One of the major criticisms of public address scholarship is its tendency to fetishize the symbolic acts of individual rhetors over the broader sociological processes taking place in society. Largely because of its Aristotelian orientation toward rhetorical praxis, public address is frequently accused of providing an instrumental reading of rhetoric’s materiality, rather than deploying a more inductive approach sensitive to the spiraling interplay between texts and their material contexts. While not immune from this methodological problem, Paul Turpin’s book, The Moral Rhetoric of Political Economy, navigates this tension with respectable precision. Through a close textual engagement with two figures central to the political economy of economic liberalism—Adam Smith and Milton Friedman—Turpin argues that a series of “shared and ongoing foundational assumptions of justice” can be deduced from their rhetorical discourses (60).

Focusing on a distinction made by Aristotle in his Nicomachean Ethics, Turpin’s primary argument is that both of these thinkers represent a more generalizable cultural privileging of commutative justice over distributive justice. Whereas commutative justice promotes a restrictive vision of government that prohibits actions deemed immoral and unethical (such as the theft of property), distributive justice pursues an affirmative vision that emphasizes the redistribution of wealth based on a citizen’s cultural and historical relationship to society. Turpin also argues that both of these rhetors represent a broader rhetorical genre that corresponds to the political economy of economic liberalism. By consistently appealing to the decorum and propriety of their respective audiences, Smith and Friedman deploy a form of moralizing constitutive rhetoric that circumvents the criteria of critical/rational debate that they ostensibly embrace. Put differently, rather than utilizing instrumental persuasion to accomplish their goals, the moral rhetoric of Smith and Friedman has a world-creating function, removing the very topic of distributive justice “from legitimate public discussion as justice” (16). [End Page 549]

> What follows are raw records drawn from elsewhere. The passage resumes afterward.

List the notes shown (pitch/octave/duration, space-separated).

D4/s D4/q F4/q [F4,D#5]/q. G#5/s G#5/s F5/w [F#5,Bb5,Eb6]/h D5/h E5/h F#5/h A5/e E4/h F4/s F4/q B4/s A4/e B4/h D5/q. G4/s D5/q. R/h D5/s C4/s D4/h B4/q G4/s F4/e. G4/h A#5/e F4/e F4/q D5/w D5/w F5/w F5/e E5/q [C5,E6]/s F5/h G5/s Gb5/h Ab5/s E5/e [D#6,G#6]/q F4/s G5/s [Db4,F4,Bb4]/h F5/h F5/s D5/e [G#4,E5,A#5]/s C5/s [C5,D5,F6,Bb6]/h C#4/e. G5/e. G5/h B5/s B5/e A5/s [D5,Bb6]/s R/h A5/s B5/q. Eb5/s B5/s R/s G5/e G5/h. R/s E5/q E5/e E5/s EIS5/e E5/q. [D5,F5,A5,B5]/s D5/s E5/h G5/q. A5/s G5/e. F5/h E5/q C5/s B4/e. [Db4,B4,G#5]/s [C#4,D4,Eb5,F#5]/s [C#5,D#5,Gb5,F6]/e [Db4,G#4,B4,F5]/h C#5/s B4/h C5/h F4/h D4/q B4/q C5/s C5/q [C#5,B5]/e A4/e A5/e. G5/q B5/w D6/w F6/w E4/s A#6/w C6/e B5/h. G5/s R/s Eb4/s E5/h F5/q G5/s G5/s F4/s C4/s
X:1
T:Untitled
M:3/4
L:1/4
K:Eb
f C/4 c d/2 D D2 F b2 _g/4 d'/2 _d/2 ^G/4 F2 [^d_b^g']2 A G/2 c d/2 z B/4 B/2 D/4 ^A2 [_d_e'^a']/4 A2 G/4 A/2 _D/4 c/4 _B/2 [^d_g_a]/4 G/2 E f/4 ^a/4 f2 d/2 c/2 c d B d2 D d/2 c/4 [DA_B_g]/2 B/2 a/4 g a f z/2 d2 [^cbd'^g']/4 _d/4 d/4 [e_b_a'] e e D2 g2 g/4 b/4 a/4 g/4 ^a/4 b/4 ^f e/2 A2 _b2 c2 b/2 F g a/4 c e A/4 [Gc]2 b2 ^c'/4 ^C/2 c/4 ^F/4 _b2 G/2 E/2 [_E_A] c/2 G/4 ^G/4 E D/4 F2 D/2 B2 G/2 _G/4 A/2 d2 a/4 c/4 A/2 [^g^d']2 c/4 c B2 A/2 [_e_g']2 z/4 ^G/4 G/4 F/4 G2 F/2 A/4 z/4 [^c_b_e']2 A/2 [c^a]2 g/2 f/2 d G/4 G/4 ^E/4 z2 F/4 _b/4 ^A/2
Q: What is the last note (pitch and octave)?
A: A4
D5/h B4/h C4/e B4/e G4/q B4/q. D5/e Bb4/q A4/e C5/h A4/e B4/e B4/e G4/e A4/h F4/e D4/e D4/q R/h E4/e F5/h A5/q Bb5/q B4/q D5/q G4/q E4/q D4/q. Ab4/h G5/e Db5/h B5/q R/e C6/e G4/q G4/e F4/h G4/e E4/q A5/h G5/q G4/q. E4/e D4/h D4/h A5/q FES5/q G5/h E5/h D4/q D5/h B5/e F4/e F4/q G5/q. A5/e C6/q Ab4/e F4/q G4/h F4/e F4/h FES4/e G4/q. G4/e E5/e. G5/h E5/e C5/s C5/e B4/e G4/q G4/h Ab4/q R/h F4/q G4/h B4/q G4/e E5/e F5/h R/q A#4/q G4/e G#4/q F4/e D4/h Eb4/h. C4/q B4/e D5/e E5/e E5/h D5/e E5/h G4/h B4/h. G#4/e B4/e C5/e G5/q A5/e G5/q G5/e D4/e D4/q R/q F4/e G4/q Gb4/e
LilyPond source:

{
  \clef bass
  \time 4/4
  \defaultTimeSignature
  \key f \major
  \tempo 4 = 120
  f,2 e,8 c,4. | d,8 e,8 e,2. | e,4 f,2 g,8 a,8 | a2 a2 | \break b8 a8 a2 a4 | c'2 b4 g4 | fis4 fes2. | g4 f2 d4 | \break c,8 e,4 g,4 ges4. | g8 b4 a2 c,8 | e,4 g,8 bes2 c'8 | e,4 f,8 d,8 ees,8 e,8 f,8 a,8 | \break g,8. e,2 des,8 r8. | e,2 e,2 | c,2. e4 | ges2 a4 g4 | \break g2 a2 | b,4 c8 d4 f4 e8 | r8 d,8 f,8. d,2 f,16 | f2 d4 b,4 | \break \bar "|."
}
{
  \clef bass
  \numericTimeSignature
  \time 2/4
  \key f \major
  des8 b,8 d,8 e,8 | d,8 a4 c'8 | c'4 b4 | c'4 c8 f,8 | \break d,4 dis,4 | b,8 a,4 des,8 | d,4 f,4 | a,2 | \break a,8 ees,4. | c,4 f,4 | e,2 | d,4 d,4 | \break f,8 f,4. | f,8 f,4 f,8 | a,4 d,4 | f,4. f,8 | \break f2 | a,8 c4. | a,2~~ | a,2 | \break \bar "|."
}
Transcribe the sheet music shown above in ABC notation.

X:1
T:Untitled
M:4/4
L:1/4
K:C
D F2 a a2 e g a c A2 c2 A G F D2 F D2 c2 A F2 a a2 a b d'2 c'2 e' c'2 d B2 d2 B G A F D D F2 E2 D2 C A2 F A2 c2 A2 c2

Out of the two intellectual figures that Turpin analyzes, the majority of his time is spent critiquing Scottish social philosopher Adam Smith. Dedicating two full chapters to this analysis, Turpin begins by focusing on Smith’s The Theory of Moral Sentiments (TMS) and then turns to his liberal magnum opus The Wealth of Nations (WN). While Turpin’s astute examinations of each book yield their own rewarding insights, his most important argument begins to emerge when the two books are placed in conversation with one another. Turpin argues that, whereas historically scholars focused on the discontinuity between the celebration of empathy in TMS and the praise of selfishness in WN, the two books should be seen as actually building on each other through a common rhetorical privileging of commutative over distributive justice. Specifically, Turpin views TMS and WN as performing two distinct but interrelated goals. In TMS, Smith explains distributive justice in terms of an individual’s capacity to empathize with others and attain personal virtue. This rationalizes distributive justice as something outside the domain of public concern, and defines it instead in terms of a private practice limited to “persuasion in personal relationships” (57). WN, by contrast, teases out a general social theory from Smith’s work on virtue and empathy, subordinating distributive justice to the working of an innate market a priori that Smith calls the “invisible hand.” By implying that the good propriety and decorum of individual citizens will be enough to satisfy the allocation of wealth under capitalism, Smith’s invisible hand frames distributive justice as a problem that can be addressed without government intervention.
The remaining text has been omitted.